## Task goal
In the data below, find the line containing "robot, staff, bottle, jewelry"; transcribe it and each line after it exactly, through the last, skipping pictures.

Supplied entries Start Marker

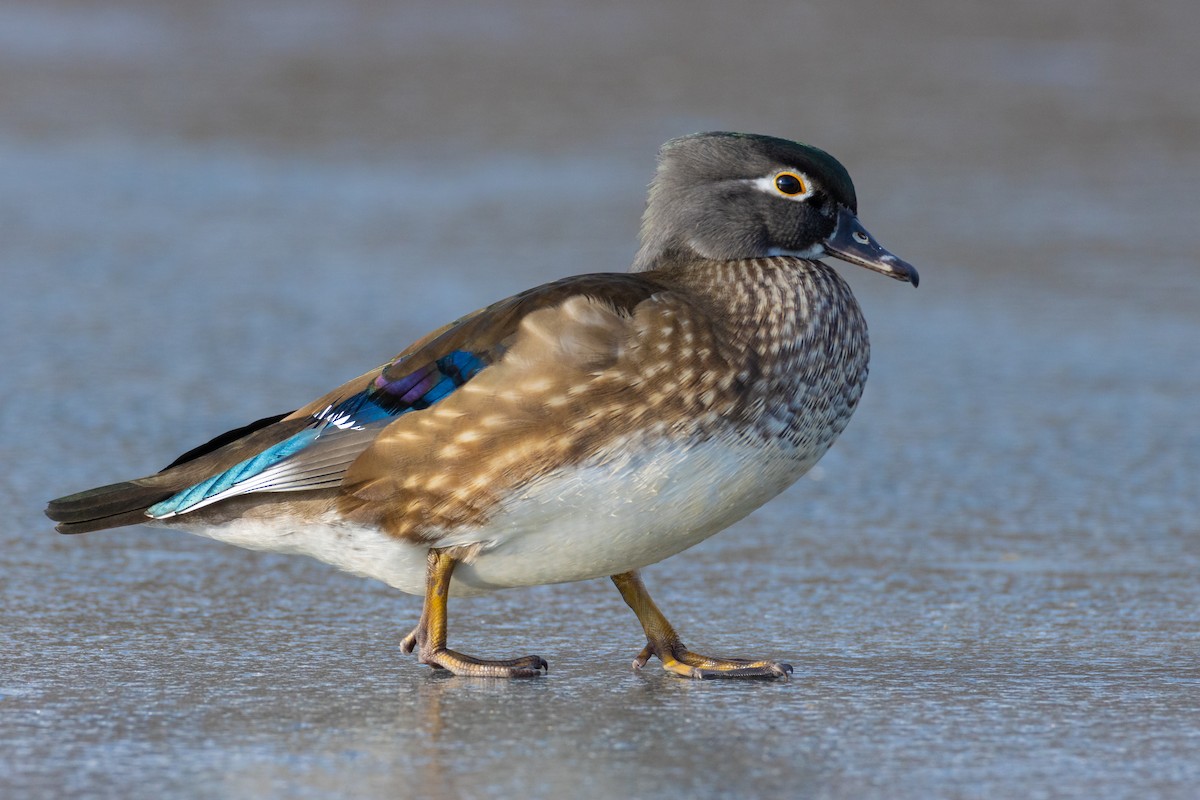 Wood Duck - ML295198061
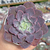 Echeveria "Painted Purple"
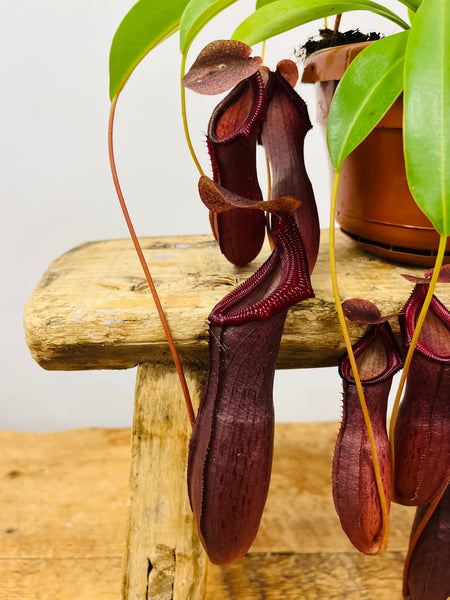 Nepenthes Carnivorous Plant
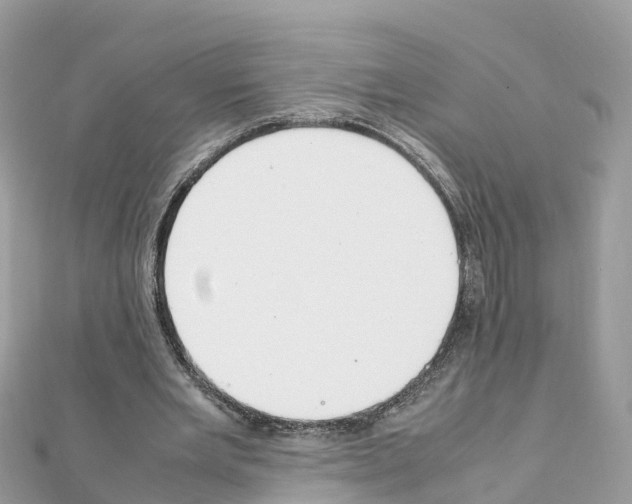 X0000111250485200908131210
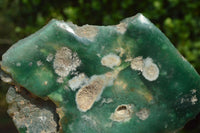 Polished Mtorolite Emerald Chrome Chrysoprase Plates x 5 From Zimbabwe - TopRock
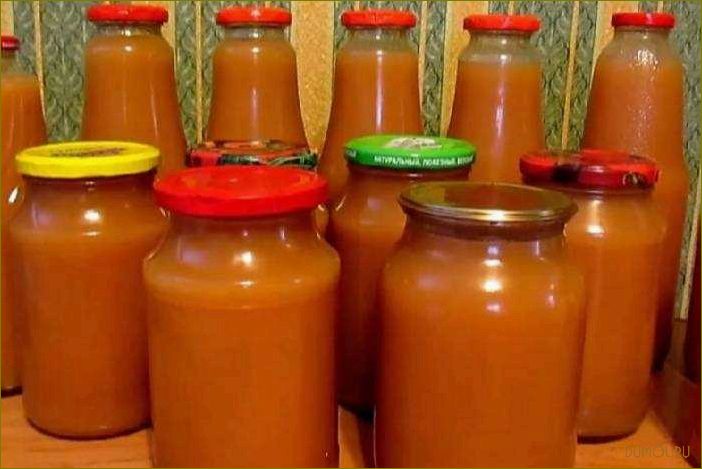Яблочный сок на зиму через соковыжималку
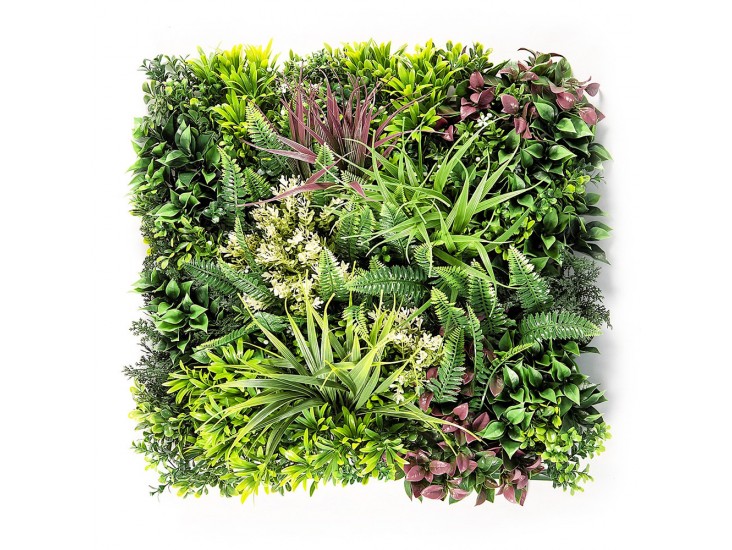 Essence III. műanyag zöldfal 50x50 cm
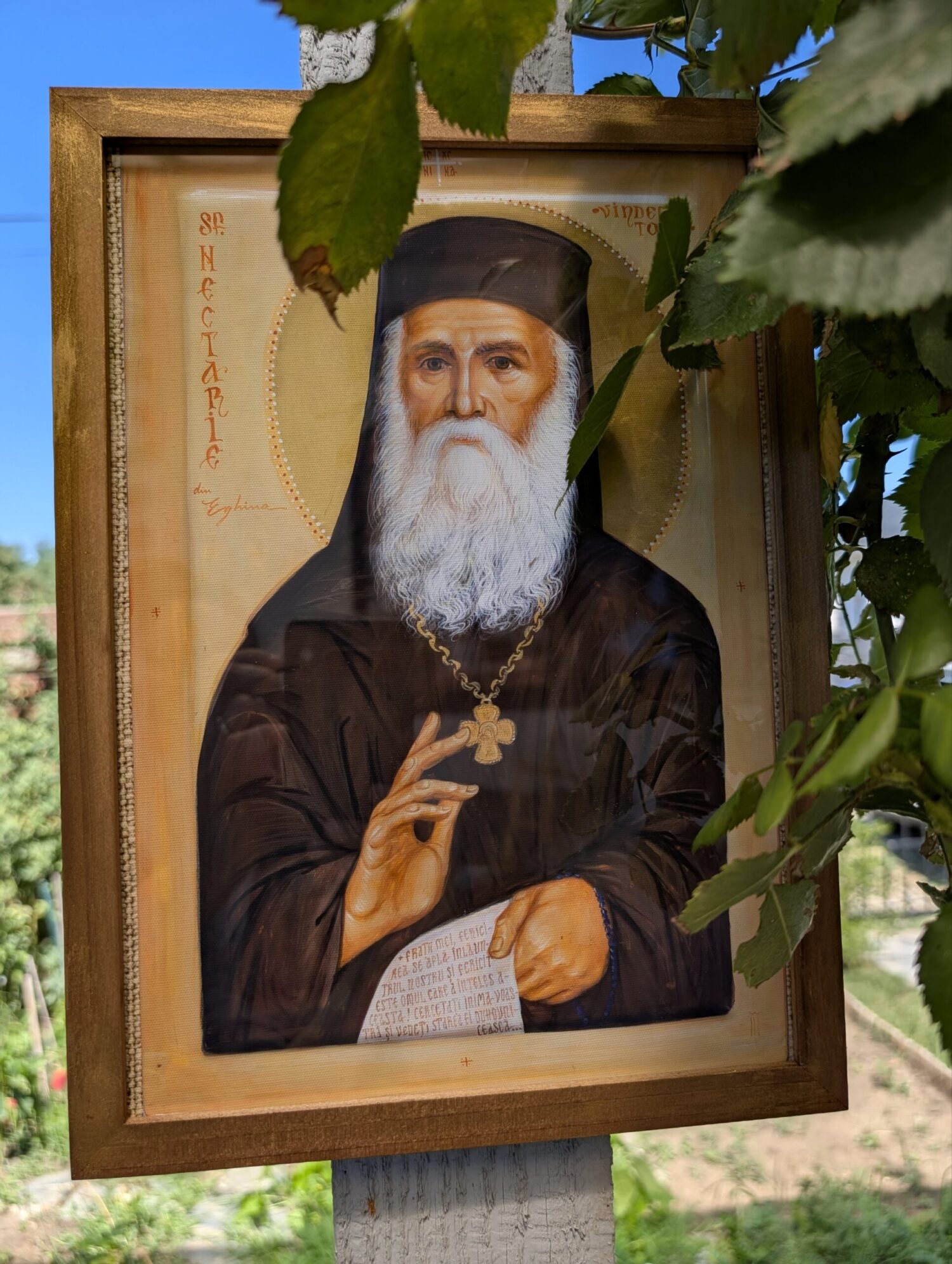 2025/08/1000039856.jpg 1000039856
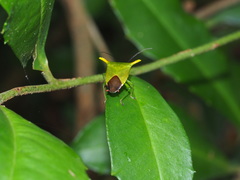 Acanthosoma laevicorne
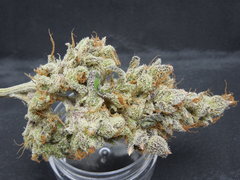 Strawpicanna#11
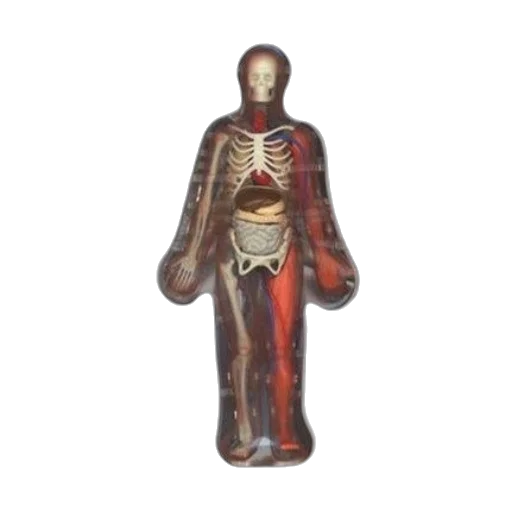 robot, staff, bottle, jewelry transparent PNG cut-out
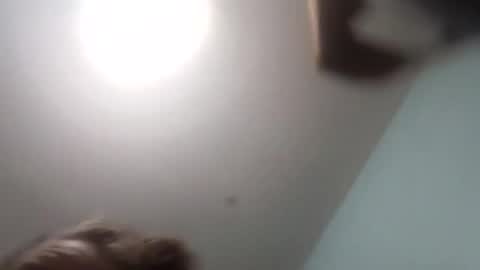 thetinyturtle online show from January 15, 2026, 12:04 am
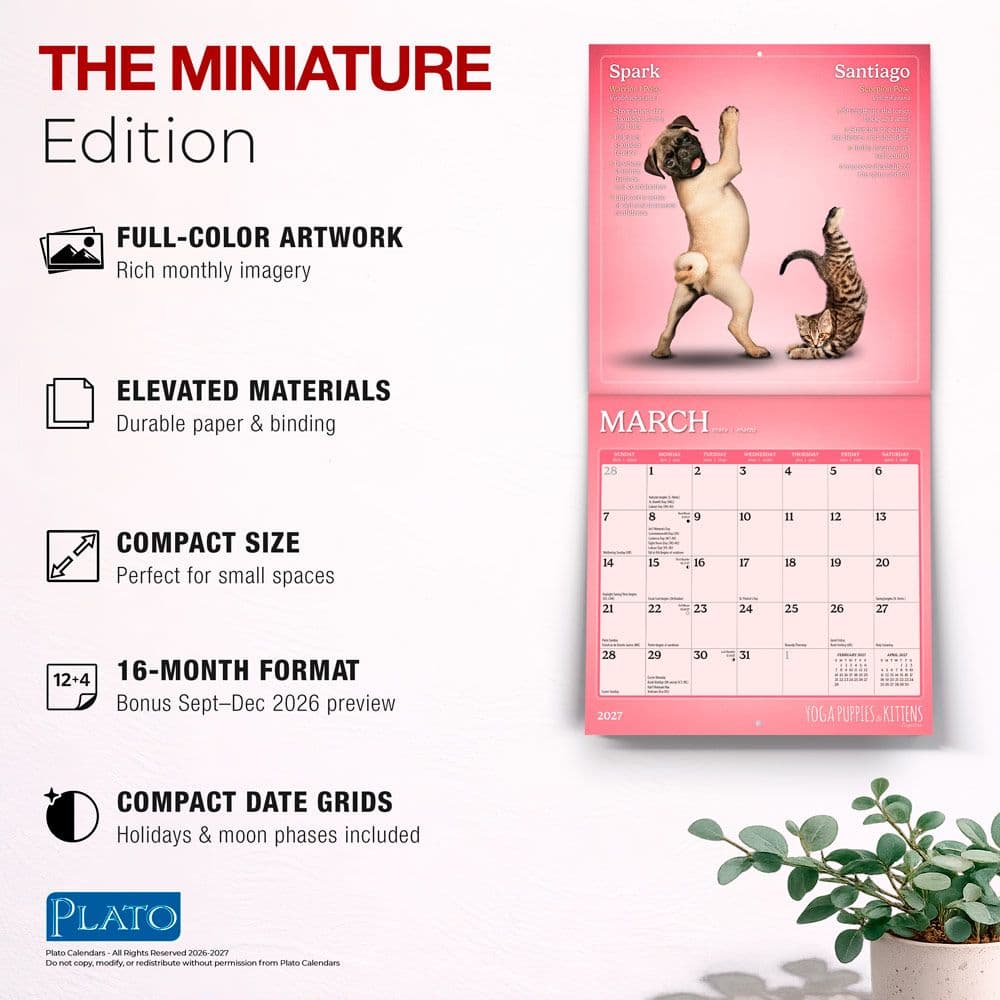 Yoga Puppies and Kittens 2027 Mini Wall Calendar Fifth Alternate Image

Supplied entries End Marker

## Task output
 robot, staff, bottle, jewelry transparent PNG cut-out
 thetinyturtle online show from January 15, 2026, 12:04 am
 Yoga Puppies and Kittens 2027 Mini Wall Calendar Fifth Alternate Image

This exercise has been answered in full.